Lo expuesto de previo debe ser entendido en un contexto dinámico y variable, en el cual los esquemas de remuneración no son los mismos que se originaron años atrás, así como tampoco lo son las exigencias a las que debe ajustar su actividad cada entidad gubernamental o pública.

Ante este panorama, evitar o postergar discusiones serias y concienzudas sobre el tema salarial y sus posibles ajustes a costa de alegatos infundados o faltos de precisión se convierte en un tema de cuidado para todo el país, con afectaciones no solo para el sector público, sino también, para las empresas privadas y para todos los ciudadanos en general.

Más allá de los posibles proyectos de ley que se intentan discutir o difundir, es medular comprender que cada Administración, como patrono, ostenta un poder de dirección que le faculta revisar y regular las condiciones laborales de su personal, lo cual deberá ejercer con absoluto respeto de los derechos adquiridos que puedan identificarse.

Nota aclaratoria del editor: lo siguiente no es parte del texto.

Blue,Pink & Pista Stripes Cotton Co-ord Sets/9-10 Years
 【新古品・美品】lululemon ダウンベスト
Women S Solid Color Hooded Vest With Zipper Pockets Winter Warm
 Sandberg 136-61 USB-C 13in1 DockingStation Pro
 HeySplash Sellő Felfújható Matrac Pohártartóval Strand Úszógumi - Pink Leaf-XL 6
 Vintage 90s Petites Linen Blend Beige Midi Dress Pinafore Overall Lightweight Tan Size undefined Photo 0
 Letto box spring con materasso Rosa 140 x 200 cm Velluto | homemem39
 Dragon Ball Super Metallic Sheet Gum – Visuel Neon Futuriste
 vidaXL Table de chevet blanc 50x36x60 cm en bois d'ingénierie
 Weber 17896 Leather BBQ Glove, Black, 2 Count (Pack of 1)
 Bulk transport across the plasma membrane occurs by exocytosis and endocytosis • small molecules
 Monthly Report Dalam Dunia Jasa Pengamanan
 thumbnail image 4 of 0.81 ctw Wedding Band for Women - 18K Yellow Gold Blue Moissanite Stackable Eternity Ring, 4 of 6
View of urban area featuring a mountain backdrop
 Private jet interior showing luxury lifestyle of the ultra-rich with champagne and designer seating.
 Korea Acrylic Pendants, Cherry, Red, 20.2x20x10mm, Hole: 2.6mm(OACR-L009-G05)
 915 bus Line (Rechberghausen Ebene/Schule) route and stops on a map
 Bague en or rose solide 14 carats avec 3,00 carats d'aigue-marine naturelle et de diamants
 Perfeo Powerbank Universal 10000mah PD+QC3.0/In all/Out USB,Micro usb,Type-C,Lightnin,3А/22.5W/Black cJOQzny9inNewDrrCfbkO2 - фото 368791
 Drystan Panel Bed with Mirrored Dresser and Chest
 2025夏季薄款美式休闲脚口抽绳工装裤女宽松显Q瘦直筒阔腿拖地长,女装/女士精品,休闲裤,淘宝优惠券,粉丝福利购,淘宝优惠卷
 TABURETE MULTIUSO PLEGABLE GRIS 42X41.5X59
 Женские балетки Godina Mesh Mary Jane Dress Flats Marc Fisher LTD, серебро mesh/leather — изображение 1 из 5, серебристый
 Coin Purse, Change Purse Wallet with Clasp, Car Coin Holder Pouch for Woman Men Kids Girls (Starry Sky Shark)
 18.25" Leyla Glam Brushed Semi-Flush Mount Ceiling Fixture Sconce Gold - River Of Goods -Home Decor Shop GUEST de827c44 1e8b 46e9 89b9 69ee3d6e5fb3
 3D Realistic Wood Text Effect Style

Esta revisión es trascendental por cuanto una entidad podría diagnosticar los detalles de su actual sistema de retribución para determinar si se cumplen los parámetros de un salario competitivo y adecuado a las labores desempeñadas acorde con la eficiencia y eficacia exigibles.

Cabe decir que la revisión de condiciones salariales es un ejercicio que reviste la obligatoria necesidad de evaluar, de forma técnica y objetiva, los pagos que se efectúan, tanto para revisar su legalidad como su conveniencia y oportunidad. En consecuencia, será preciso que la organización identifique la naturaleza del pago, su origen, el fundamento jurídico y el tratamiento que a nivel interno se le ha brindado. Este análisis facilitará la determinación de si se está en presencia de un derecho adquirido, un pago que tiene respaldo en un mandato legal o es un complemento que puede ser modificado, incluso, de manera unilateral.

Ahora bien, previo a la realización de cualquier modificación que pueda representar un cambio sensible en las condiciones de empleo de un trabajador, conviene que se analicen las particularidades del caso específico. Además, es recomendable que la Administración cuente con los pertinentes estudios técnicos y objetivos que le permitan demostrar que el eventual cambio procura la mejora en la prestación de servicios y/o el funcionamiento interno de la organización, sin obedecer a simples arbitrariedades.

Llegados a este punto, es oportuno cuestionarse: ¿debemos homogeneizar condiciones salariales o se debe normar, manteniendo las diferencias, cada pago en cada institución? Estandarizar versus regular condiciones salariales es un tema que se presta para escribir largas páginas, pero independientemente de la posición que se adopte, la realidad impone a las instituciones, en su condición de patronos, y a sus colaboradores, el desafío y el deber de avocarse a implementar alternativas y mecanismos que incentiven el mayor rendimiento posible en aras de obtener el correcto funcionamiento de la Administración -ello tanto como la mejora justificada y proporcional en las condiciones salariales de los trabajadores según su propio desempeño, siendo recomendable empezar pronto con la revisión y adopción de las medidas que para ello se requiera-.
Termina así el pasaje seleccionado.